UTR Festival Day Two: Teatro Anonimo’s Espiritu
I love to read my TV. I absolutely love it.
I started watching TV with subtitles because of Game of Thrones. If you watched that show without subtitles, congratulations, you have masterful ears, because I don’t know how I would have gotten anything out of that show without being able to read along with the actors. Between the myriad of accents (from both real and fictional places), a tendency towards mumblecore, and one thousand characters with hard to remember names, there was no way I was going to be able to follow the plot without ensuring that I was receiving information both aurally and visually.
The second show that made me fall in love with subtitles was Gilmore Girls, Amy Sherman-Palladino’s comedy known for, among other things, being really fast-paced. Without subtitles, I would have missed so many of the zippy one-liners that make the show so funny.
Now I watch virtually everything with subtitles (one notable exception being anything live, it’s too annoying), and one of the huge benefits of this has been that it has made me more open-minded to watching films, TV shows, and theatre in translation, such as the topic of today’s blog post, Espiritu.
Adapted from Trinidad Gonzalez’s play of the same name, Espiritu, presented by Chile’s Teatro Anonimo as part of The Public Theater’s Under the Radar Festival, is a series of scenes that take place in the middle of the night in an anonymous city. While the scenes range in terms of content from intimate arguments between partners to street harassment and altercations between strangers, a thematic continuity binds them together.
Many of the scenes and monologues feature either over or under currents of violence, specifically evoking imagery of blood. There is nothing graphic or gory, either visually or in description, but moments of tension remind the audience that it’s never far from possibility, always bubbling underneath the surface. Significantly, these violent impulses are often brought into contrast with art, poetry, and music. Although never overtly stated, the message that comes to mind is that the anecdote to a violent society, overwrought with corruption, hyper-consumerism, and a never ending need for accumulation of power and property, is the drive to create for creations sake. Characters throughout the piece include writers, poets, and musicians, and they are often brought into contrast with characters whose views differ from their own, either in an extreme and political context, or just in smaller, albeit still significant, practical ways.

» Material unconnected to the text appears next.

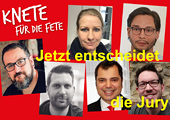 Knete fuer die Fete Die Jury 0118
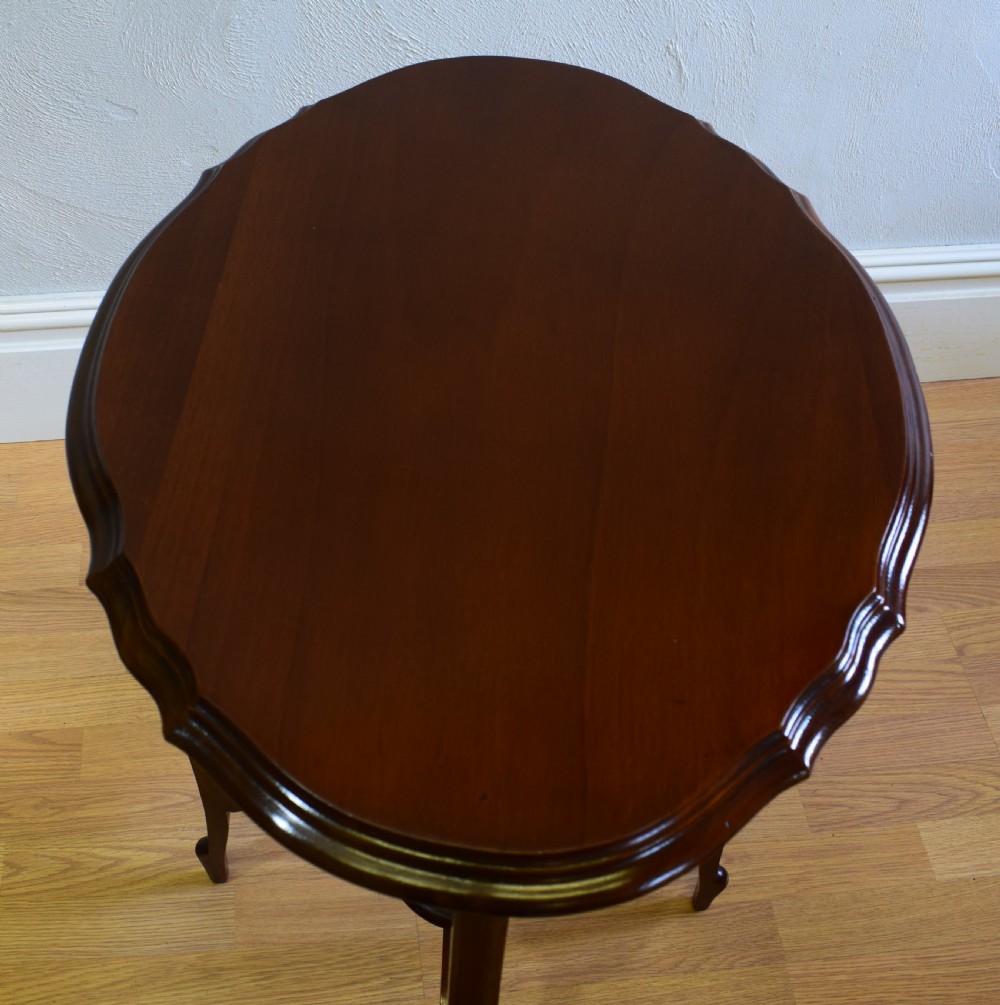 Antique Occasional Table  View VII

One of my favorite elements of this production is the recurring line, “It’s 4 o’clock in the morning.” I feel like this motif captured the feeling of tension that was present through out the show. Four o’clock in the morning is, in a way, a liminal space. While 3 o’clock is solidly very late at night and 5 o’clock is definitively very early in the morning, 4 o’clock is kind of neither. It’s too late for most reasonable people to stay awake and too early to wake up. Most of the world is asleep. However, the characters in Espiritu live in the tension of their conversations, and this is further embodied by the hour in which the play takes place. Also, as I noticed that this line would appear throughout the play, it felt like a secret between me and the playwright. The characters don’t know about all the other scenes happening before and after theirs, but I know. I love things like that.

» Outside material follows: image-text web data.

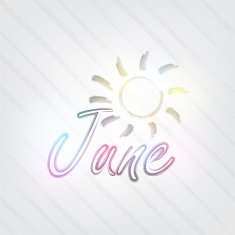June Typography N2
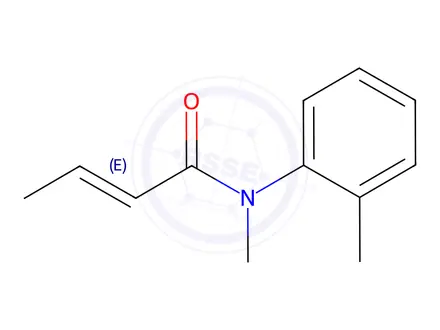 Chemical structure of Crotamiton Impurity 5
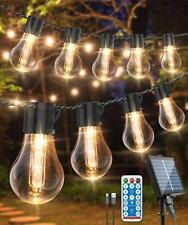 Solar festoon lights for sale  Ireland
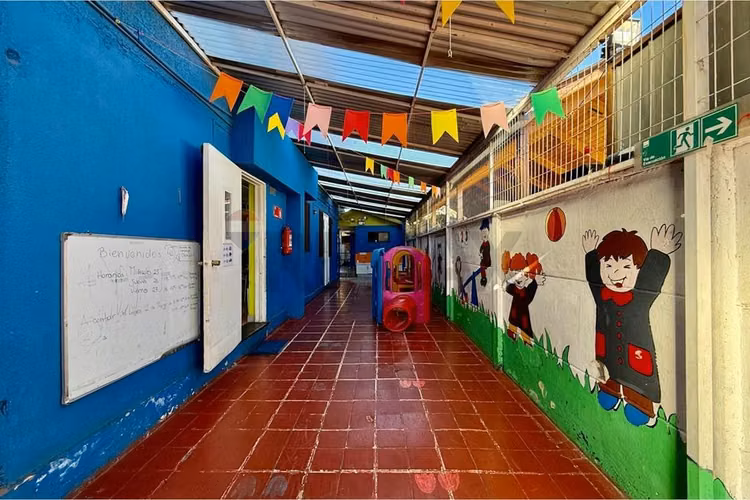 Villa macul - casa para habitacional o comercial - Imagen 8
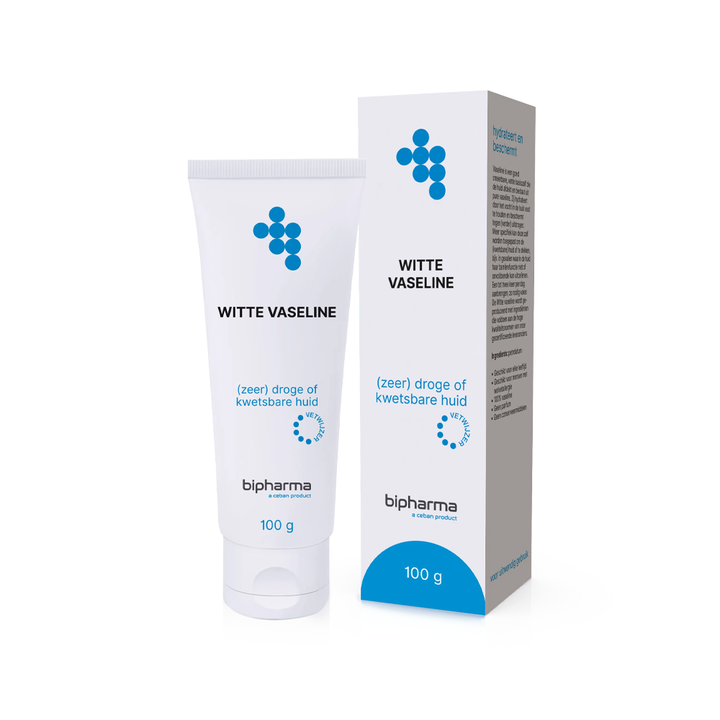 Bipharma Witte Vaseline (100 GR) Bipharma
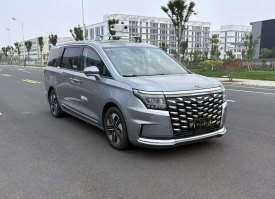 插电式混合动力巡逻车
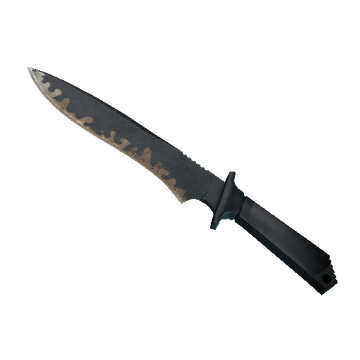 ★ StatTrak™ Classic Knife | Night Stripe (Field-Tested)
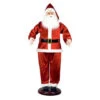 Home Accents Holiday 72 In. Animated Dancing Santa-5230-72625HD 206954020 -Christmas Decoration Store home accents holiday 72 in. animated dancing santa 5230 72625hd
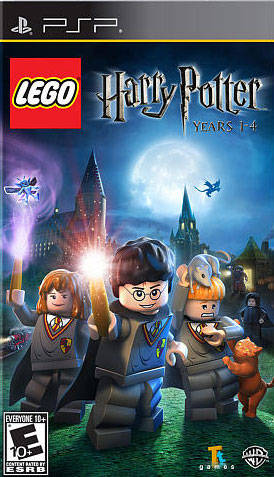 Lego Harry Potter Years 1-4 5565991lego-harry-potter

More so than Capsule, Espiritu gave me the feeling of actually being at Under the Radar. For one, it’s international, and I don’t know if I would have ever engaged with work from Chile, nonetheless the work of these specific artists, if it weren’t for their selection as part of the festival. It also was adapted from a play and based on appearances looks like it was filmed in an actual theatre. It was edited of course, the transitions between the scenes were not shown, the sets would just suddenly be different and the actors would arrive in different costumes and as different characters mere moments after their prior scenes ended, but there were no crazy visual effects or anything that couldn’t have reasonably been generated in a live theatrical experience.
While it felt more comfortably within the world of theatre, it also made me miss it more. This is very much an idea piece, and I wished I had seen it sitting in the dark, next to a friend, with plans to head to a bar afterword and discuss what we though. Which scenes resonated with you? Did you notice the reoccurring imagery of a glass of wine being poured? What were the characters talking about when the discussed the impending destruction of the world? Was it real, or a metaphor? Can the metaphor also be real?
Although I feel the emptiness where a post-theatre going discussion should be, I’m glad I watched Espiritu. It reminded me that I really should work harder to learn Spanish, and to continue to expose myself to works in translation. The theatrical world in some ways feels very tiny, but it’s also so wide, and I have so many artists to get to know.